'There's a great deal of questions, concerns and unfortunately also a good deal of distrust towards the collection of employee data.'
This is how Grit Munk, head of digitalisation policy at IDA, describes her meeting with IDA's union reps and employee organisations in public and private companies.
Part of her job description is giving presentations about built-in AI features in HR systems and the Microsoft Office package - and she meets quite a few concerned employees when she visits workplaces.
IDA members generally believe that artificial intelligence has huge potential to solve tasks that we have not been able to solve with existing digital systems. However, they are demanding data ethics and employee rights in the workplace because they experience challenges with monitoring their behaviour, task performance and personal information.
Grit Munk has a scary but also telling example from one of the companies she has visited:
'In a company where I gave a presentation, sensors had been installed under the desks to register whether you were actually sitting in your seat. This naturally caused an uproar, and the sensors were soon removed again.'
Interestingly, the purpose of the sensors was to make cleaning more efficient. If people are traveling or working from home and haven't been to the office, cleaning the desk can be skipped that day.
It makes perfect sense, but the management had forgotten to inform employees about it. They therefore had the experience of being monitored and wondered why it was suddenly relevant to check whether they were sitting at their desk or, for example, standing at the coffee machine or in a meeting.
The employees at the company in question could have been spared the worry and experience of being monitored if management had informed them in advance about the purpose of the sensors.
Grit Munk emphasizes: 'The key word here is of course dialogue. It is absolutely crucial that you as an employee understand the purpose of collecting employee data and feel heard in relation to how the collection should take place.'
The fuss about the cleaning sensors could probably have been avoided if management had started by explaining the purpose; to avoid expensive, unnecessary cleaning.

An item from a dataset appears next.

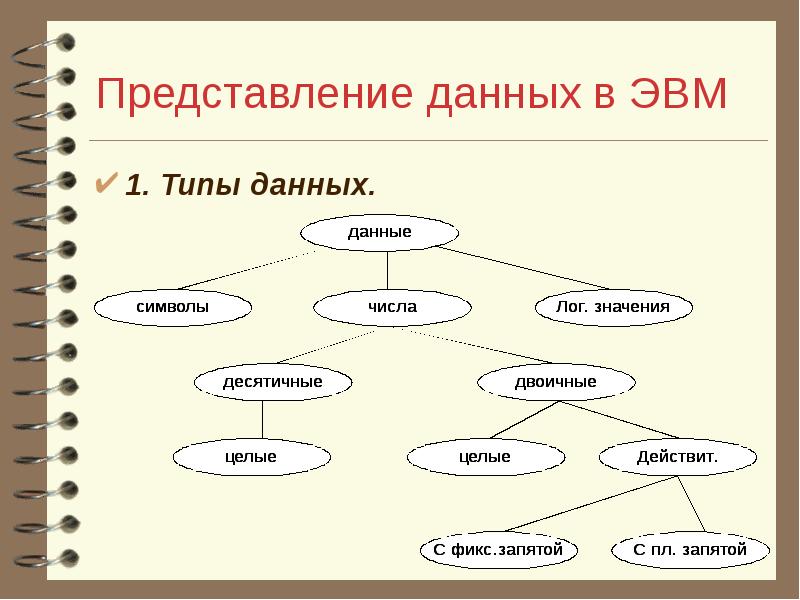 Представление данного. Представление информации в ЭВМ. Представление информации в ЭВМ типы информации. Представление данных. Типы данных ЭВМ.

Perhaps a solution could have been worked out where the sensors were placed in places where each individual employee was not measured, or all data could have been deleted the next morning when the cleaning company had been there.
Grit Munk would like to make a call to management at companies that plan to use AI tools:
'Make it clear what the purpose is, and then enter into a dialogue with your employees, possibly the elected representatives or the working environment representatives, where you can test what questions and concerns it may raise. You can then announce the purpose to the entire department or organisation before powering on the new AI tool.'
Few people like micro-management; being managed down to the smallest details. Fortunately, few managers have that management style, but have you thought about the fact that the systems, HR systems or for that matter Microsoft's Office systems, can micro-manage using artificial intelligence?
Grit Munk describes how the systems offer a range of tools for micro-management: 'When do you write emails, what do you write about, who do you hold meetings with and for how long? How fast do you type, and how long do you actually sit at the keyboard. Are you attentive during online meetings or do you sit and check emails at the same time?'
She adds that some systems even offer to screen for what employees say on their private social media and what they search for when they take their PC home in the evening. Are they politically active, do they have debt or do they read job advertisements?
'Micro-management can provide an unprecedentedly precise picture of employees' work performance, but employees are also strategists. If you measure whether the employee is sitting in their seat, you get employees sitting in their chair - instead of going over and helping a colleague, exchanging ideas and solutions to problems over the coffee machine or taking a necessary and justified break,' says Grit Munk about the downside of the systems management style.
Back in 2022, IDA investigated what data collection means for employees: two out of three experienced that data was collected about them, but only one in four believed that the purpose had been explained. One in five perceived it as surveillance.
According to Grit Munk, the price of using artificial intelligence to measure employee effort and behaviour may be too high. It may cost us something that is the finest we have in Danish workplaces: trust.
'We are generally efficient in Danish workplaces because we have a relatively flat structure and a high level of trust. But that trust disappears with the feeling of being monitored or controlled down to the smallest detail.'
She elaborates by pointing out that it is not about you as an employee not being evaluated or your results being measured:
'But there is an incredibly big difference between being assessed based on the result of a work effort or based on a constant measurement of movements, work routines, keystrokes, social relationships or activity level. Try to imagine that there is always a person standing right behind your chair and watching everything you do.'
The Danish Data Ethics Council published the report “Data Ethics in the Workplace” in 2024. It highlights the risk of negative consequences, such as the feeling that sharing private information can feel 'humiliating' and 'destructive.' It also shows that it can cause damage to personal relationships in the workplace, and that surveillance can cause employees to experience observational stress.
Finally, Grit Munk would also like to mention GDPR (General Data Protection Regulation), which also applies when you are at work. It is therefore important that you know your rights when it comes to surveillance at work.